Records for this task section start

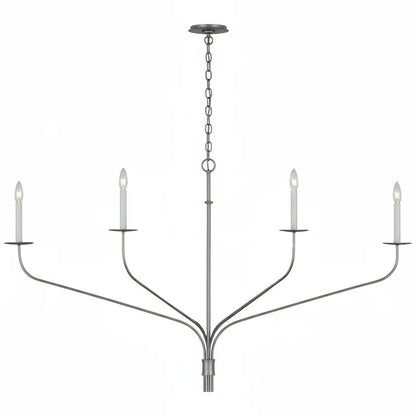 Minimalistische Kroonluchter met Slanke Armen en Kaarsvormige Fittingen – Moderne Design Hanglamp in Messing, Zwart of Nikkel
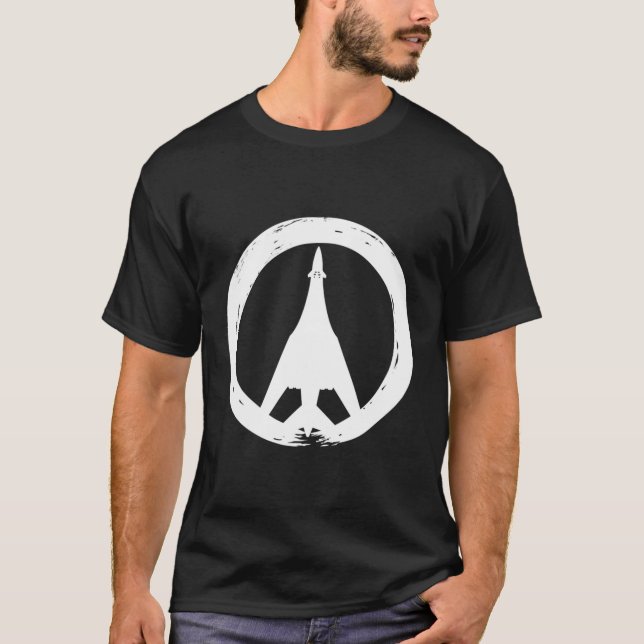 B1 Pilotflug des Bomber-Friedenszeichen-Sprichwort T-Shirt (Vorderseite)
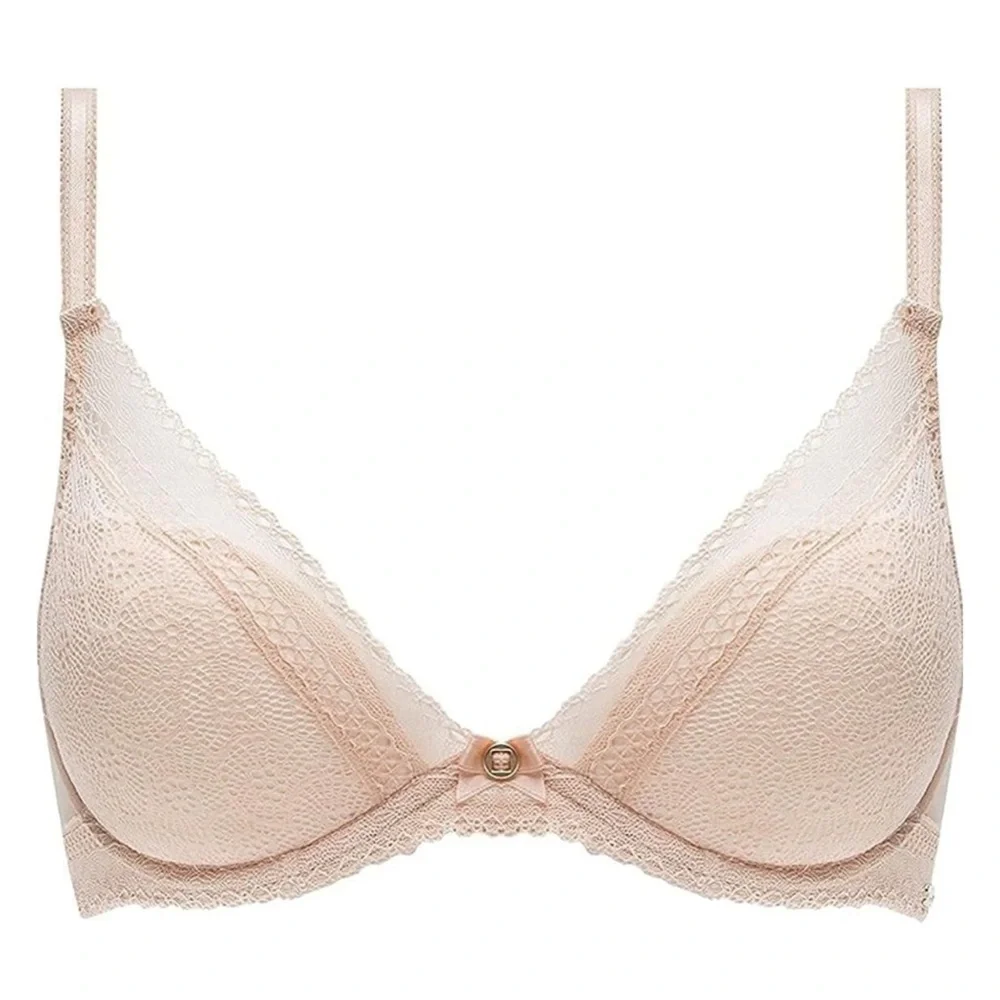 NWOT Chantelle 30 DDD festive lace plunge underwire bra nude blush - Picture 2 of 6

Records for this task section end
Records for this task section start

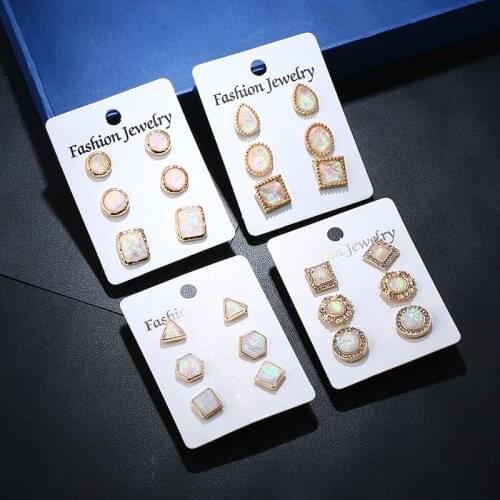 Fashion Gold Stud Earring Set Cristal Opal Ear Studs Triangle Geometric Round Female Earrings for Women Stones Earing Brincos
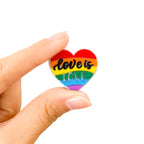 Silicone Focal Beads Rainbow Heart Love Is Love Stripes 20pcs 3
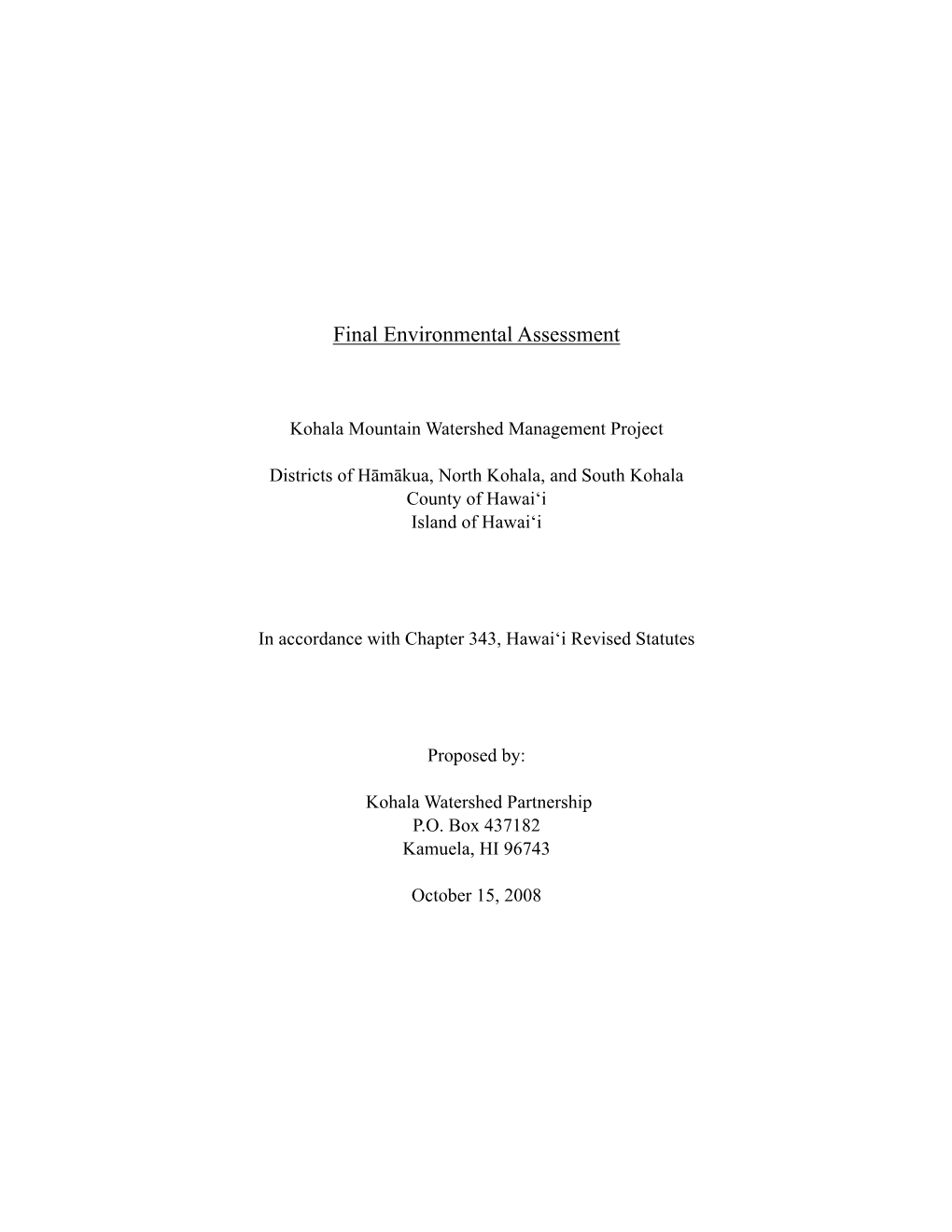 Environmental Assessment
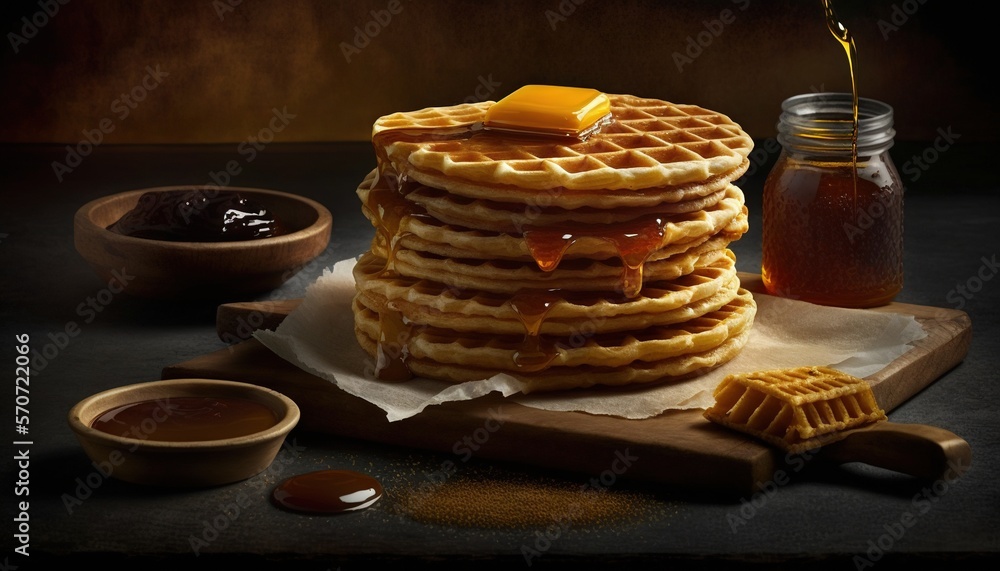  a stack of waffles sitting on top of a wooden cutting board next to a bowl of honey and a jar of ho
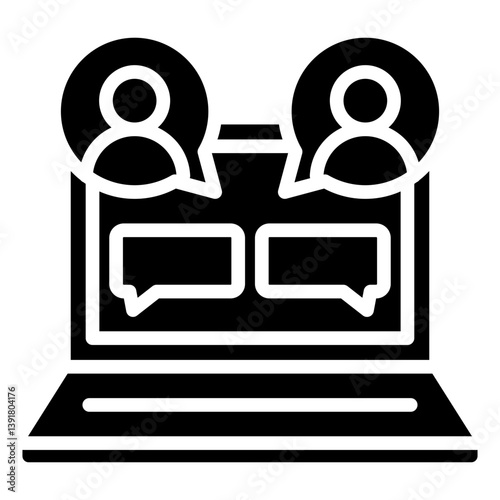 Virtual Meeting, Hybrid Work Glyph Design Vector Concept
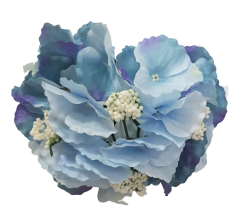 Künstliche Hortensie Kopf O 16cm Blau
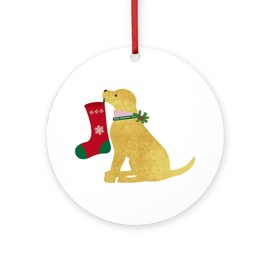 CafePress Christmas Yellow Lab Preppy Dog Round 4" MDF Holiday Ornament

Records for this task section end

▶ [What needs to be done]: Once the line with "a stack of waffles" is found in the data above, reproduce it and each line after it exactly, through the line with "CafePress Christmas Yellow". Omit the pictures.

▶ [Response to the task]:
  a stack of waffles sitting on top of a wooden cutting board next to a bowl of honey and a jar of ho
 Virtual Meeting, Hybrid Work Glyph Design Vector Concept
 Künstliche Hortensie Kopf O 16cm Blau
 CafePress Christmas Yellow Lab Preppy Dog Round 4" MDF Holiday Ornament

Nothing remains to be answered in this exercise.